The first issue of Hartford Labor, the "Official Organ of the Socialist Labor Party of Hartford, Conn.," was published on October 20, 1894 by Albert E. Sanderson of the Socialist Newspaper Union in St. Louis. The Socialist Labor Party (SLP) established the newspaper union in 1893 to help produce local editions for SLP sections around the country. By 1894, there were 33 local titles from 15 states. In addition to Hartford, Connecticut boasted publications in Bridgeport and Waterbury. The local manager was Joseph S. Powell, who was listed in the Hartford city directory as a cigar maker. In 1896, the Hartford section of the SLP was one of 14 in the state of Connecticut, contributing to a national membership estimated between five and seven thousand. In the first issue of Hartford Labor, the publishers suggest that the local group was "200 strong!"

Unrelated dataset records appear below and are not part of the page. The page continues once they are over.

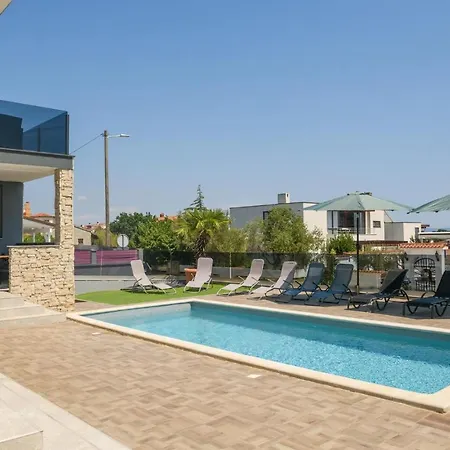 In With Outdoor Swimming Pool *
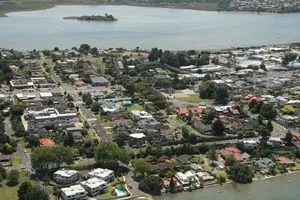 地区房地产市场现状： Tauranga 地区房价稳定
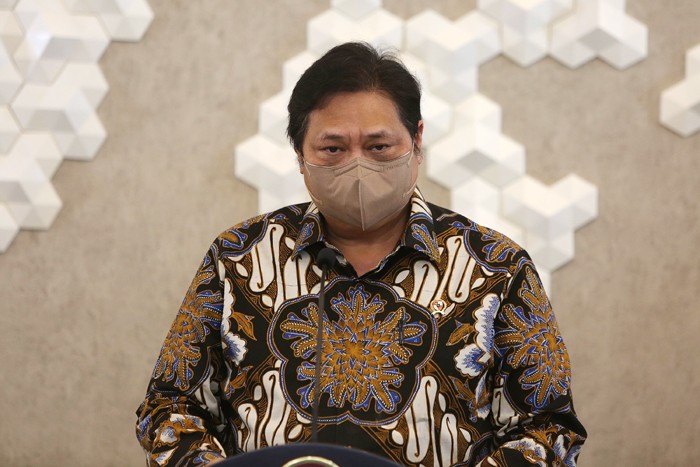 Keterangan pers terkait kebijakan pemerintah tentang harga minyak goreng di Jakarta, Rabu (5/1/2022).
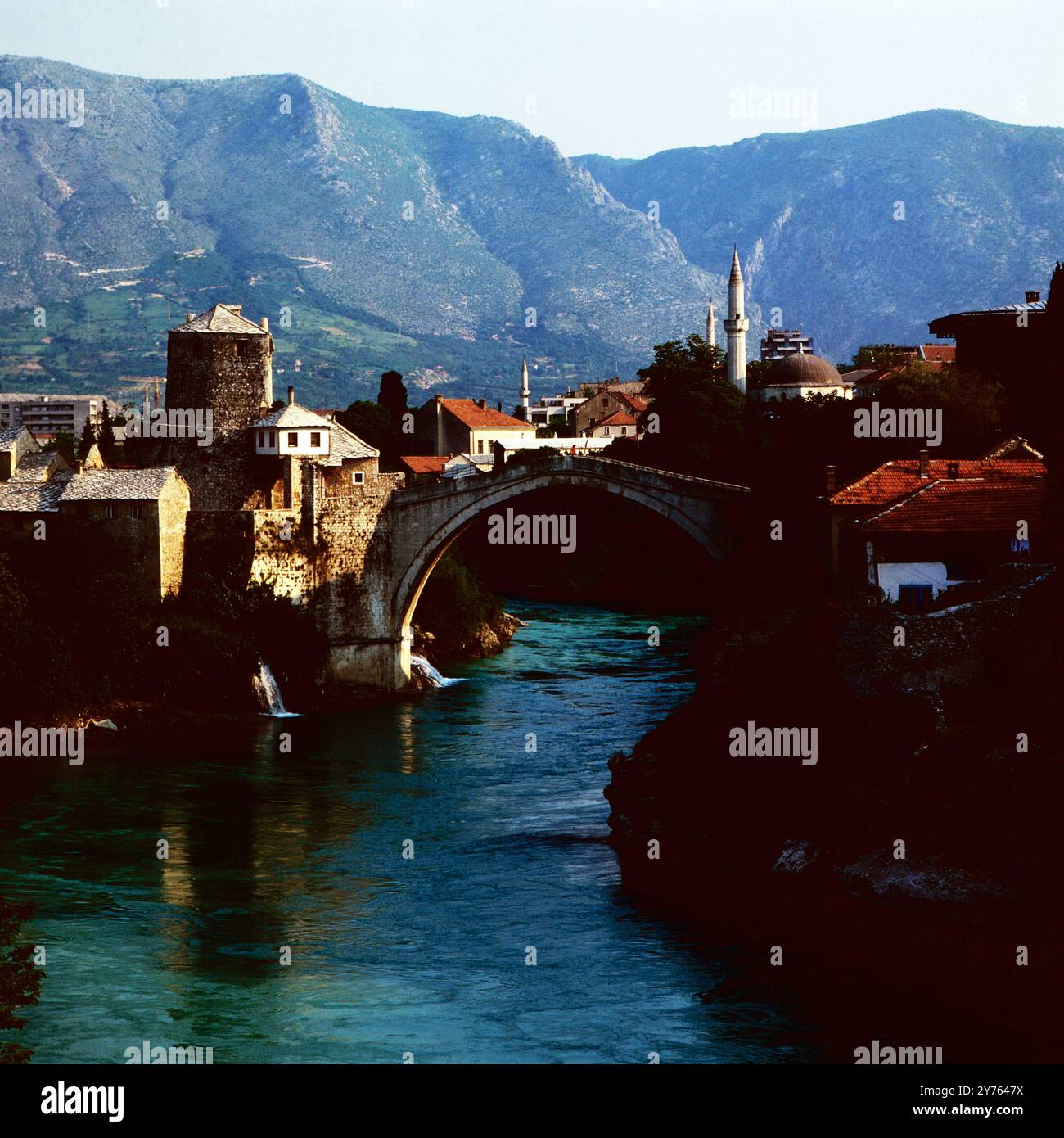 Stari Most, Brücke über die Neretva, Wahrzeichen der Stadt Mostar in Bosnien Herzogowina, Jugoslawien um 1981. Foto Stock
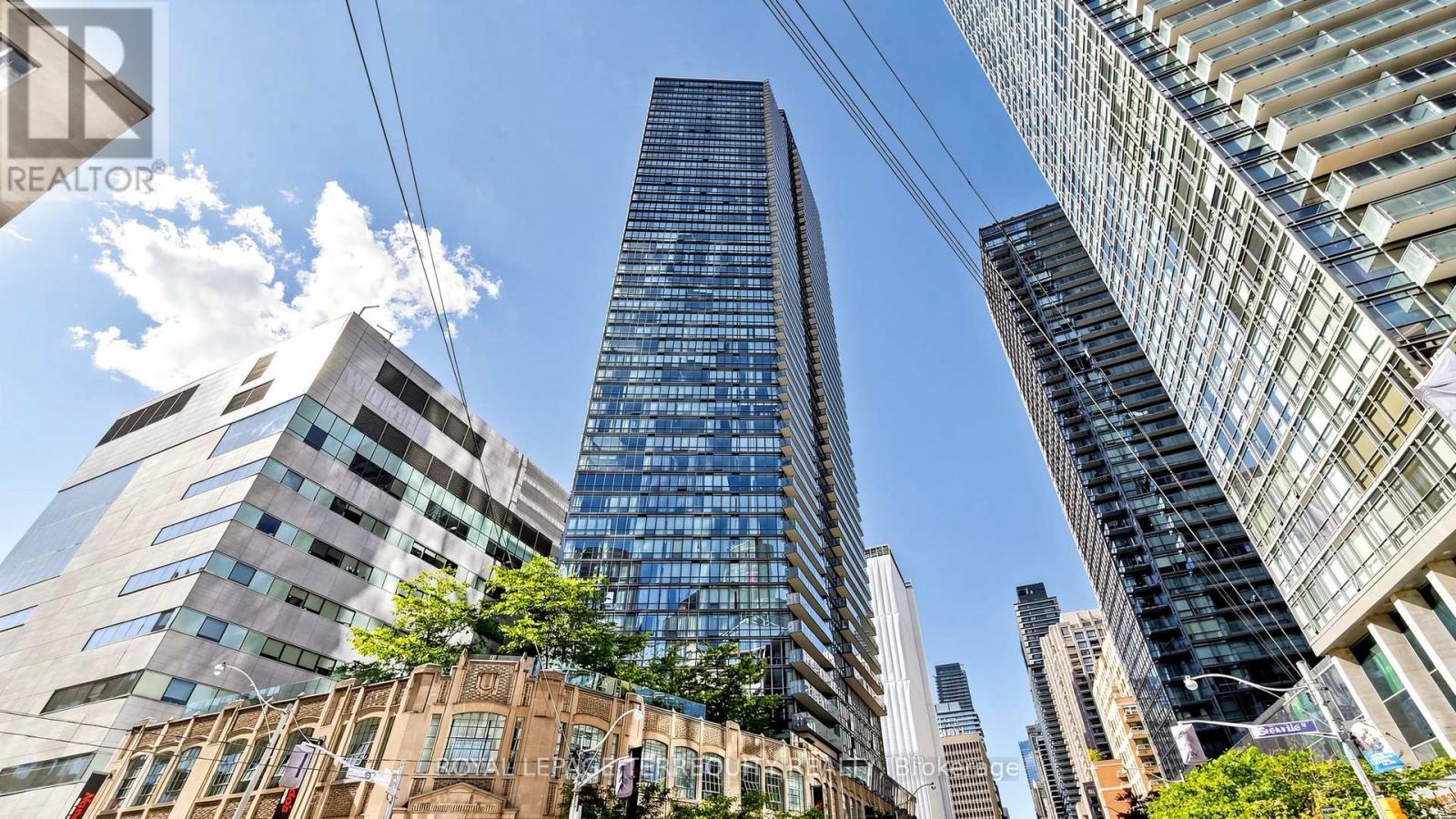 2710 - 832 Bay Street, Toronto, Ontario  M5S 1Z6 - Photo 1 - C13158270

Hartford Labor carried the international and national news in common with other local weeklies, but also plenty of local news and opinion. Issue no. 1 featured a long "discussion" on socialism and capitalism between a prominent Connecticut building contractor, James G. Batterson, and the New York propagandist Lucien Sanial. It included the Socialist Newspaper Union mission statement, including the planks of independent political action and "the final emancipation of labor," the platform of the SLP, and news of Connecticut SLP electoral campaigns. In 1894, the SLP ticket included activists James F. Tuckey for Governor and Frank O. Pilgrim for Secretary of State, who called for the reduction of the work day as productivity rose and the nationalization of monopolies in transportation and communication.

While the SLP remained visible in Connecticut for many years after the first issue of Hartford Labor, no other issue is known to have been preserved.